All units will have an inbuilt mortality sensor, in case a fitted elephant is killed a researcher will be informed.
The 30 Satellite GPS units will be distributed among core areas, Wildlife Management Areas and Game Reserves in the landscape. “These units will provide information on the extent and distribution of elephant movements in the landscape,” Kijazi said.
“Similarly, information on the seasonal movement patterns of elephants will provide information on the role of dispersal in maintaining Greater Ruaha elephant populations which will help rangers to plan more informed patrols outside the core protected area.”

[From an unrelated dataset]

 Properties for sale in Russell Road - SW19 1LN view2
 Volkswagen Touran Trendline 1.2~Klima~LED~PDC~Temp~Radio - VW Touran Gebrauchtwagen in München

Other stakeholders participating in the collaring programme include Wildlife Division, Tanzania Wildlife Research Institute, Conservation NGOs and local communities.
The move came at the time when the number of elephants in the country kept on plummeting due to poaching.
The latest Census revealed that there are 43,521 elephants in the entire country with Tanzania reported to have lost nearly 70,000 jumbos in the last five years.
The estimates for 2009 documented that Tanzania had around 110,000 jumbos, placing the country in the second position after Botswana, which by then had close to 150,000 elephants.
However, the number of elephants in Tanzania, according to the latest census report, has drastically dropped from over 100,000 estimated five years ago, down to the current 45,000 average, indicating a loss of more than 60 percent in the country’s elephant population.
Costing US$ 900,000 to undertake, the ‘Great Elephant Census’ covered all of Tanzania’s key elephant eco-systems as part of the initiative funded by Paul G. Allen to assess the current state of elephant populations across the African continent.
The Tanzania Wildlife Research Institute (TAWIRI) conducted the exercise in conjunction with the Frankfurt Zoological Society (FZS).